Download TinyStories, tokenize it with marin-community/marin-tokenizer, train a ~30M-param Grug decoder-only transformer.
See the repo root README for the getting-started workflow (copy, adapt, smoke-test, scale up). This file documents what's specific to the tiny-stories template.
launch.py wires three ExecutorSteps. Each step's config is hashed (via versioned(...)) so outputs cache on content; output_path_of(...) and this_output_path() thread paths between steps without hardcoding them.

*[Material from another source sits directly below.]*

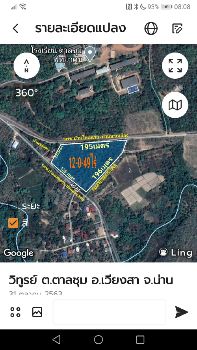 ขายที่ดินน่าน : ขาย ที่ดิน อ.เวียงสา น่าน 12 ไร่ 49 ตร.วา ติดถนน3ด้าน อยู่กลางชุมชน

tinystories_download = download_hf_step(
"raw/tinystories",
hf_dataset_id=TINYSTORIES_HF_ID,
revision=TINYSTORIES_HF_REVISION,
hf_urls_glob=["data/*.parquet"],
).as_executor_step()Pinned to an HF revision so caching is deterministic. Swap TINYSTORIES_HF_ID / TINYSTORIES_HF_REVISION for a different dataset; refresh the revision with curl -s https://huggingface.co/api/datasets/<id> | jq -r .sha.
tinystories_tokenized = ExecutorStep(
name="tokenized/tinystories",
fn=tokenize,
config=TokenizeConfig(
train_paths=[output_path_of(tinystories_download, "data/train-*.parquet")],
validation_paths=[output_path_of(tinystories_download, "data/validation-*.parquet")],
cache_path=this_output_path(),
tokenizer=versioned(MARIN_TOKENIZER),
format=TextLmDatasetFormat(),
sample_count=versioned(1_000 if _accelerator() == "cpu" else None),
),
)CPU caps sample_count=1000 per shard; TPU/GPU tokenize everything. Swap the tokenizer by changing MARIN_TOKENIZER.

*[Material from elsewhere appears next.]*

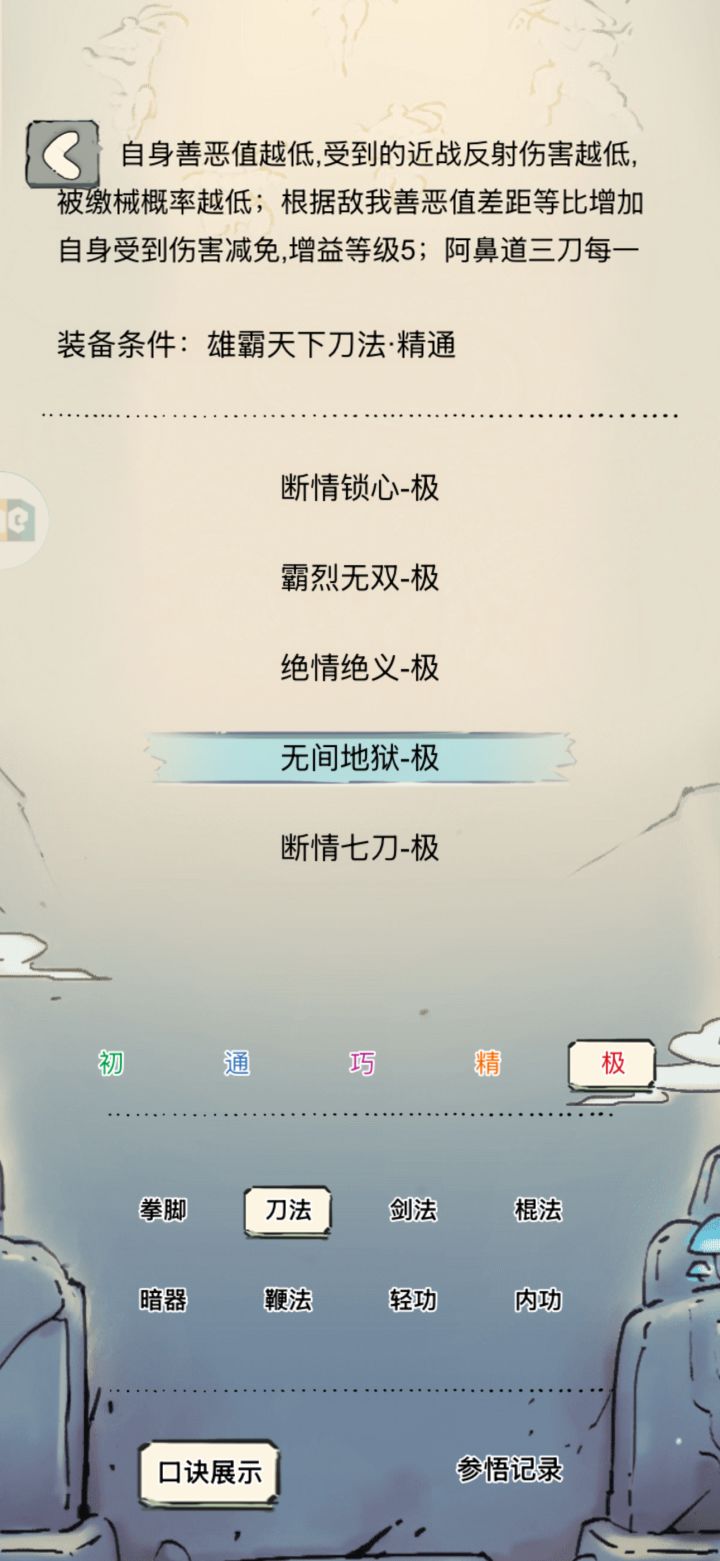 霸刀词条无间地狱截图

run_tiny_stories_trial wraps Levanter's TrainerConfig with a GrugRunConfig (model, data, resources, optimizer) and calls run_grug. Resize the model via TINY_MODEL (hidden_dim, num_layers, num_heads, max_seq_len). Change accelerator/resources via _resolve_resources().
| Var | Default | Meaning |
|---|---|---|
ACCELERATOR |
tpu |
tpu / gpu / cpu — picks resources, batch size, precision, sample cap. |
MARIN_PREFIX |
/tmp/marin |
Pipeline output root (GCS on cluster, local dir otherwise). |
TINY_STORIES_STEPS |
2000 (1 on CPU) |
Training step count. |
GRUG_RUN_ID |
tiny-stories-30m-$ACCELERATOR |
W&B / run ID. |
WANDB_API_KEY |
unset | Optional. W&B is disabled on CPU regardless. |
launch.py— pipeline definition,TINY_MODEL,executor_mainentrypoint.model.py—GrugModelConfig.train.py—run_grug,GrugRunConfig,GrugTrainerConfig,GrugEvalConfig.pyproject.toml— marin wheel pins andfind-linksURLs.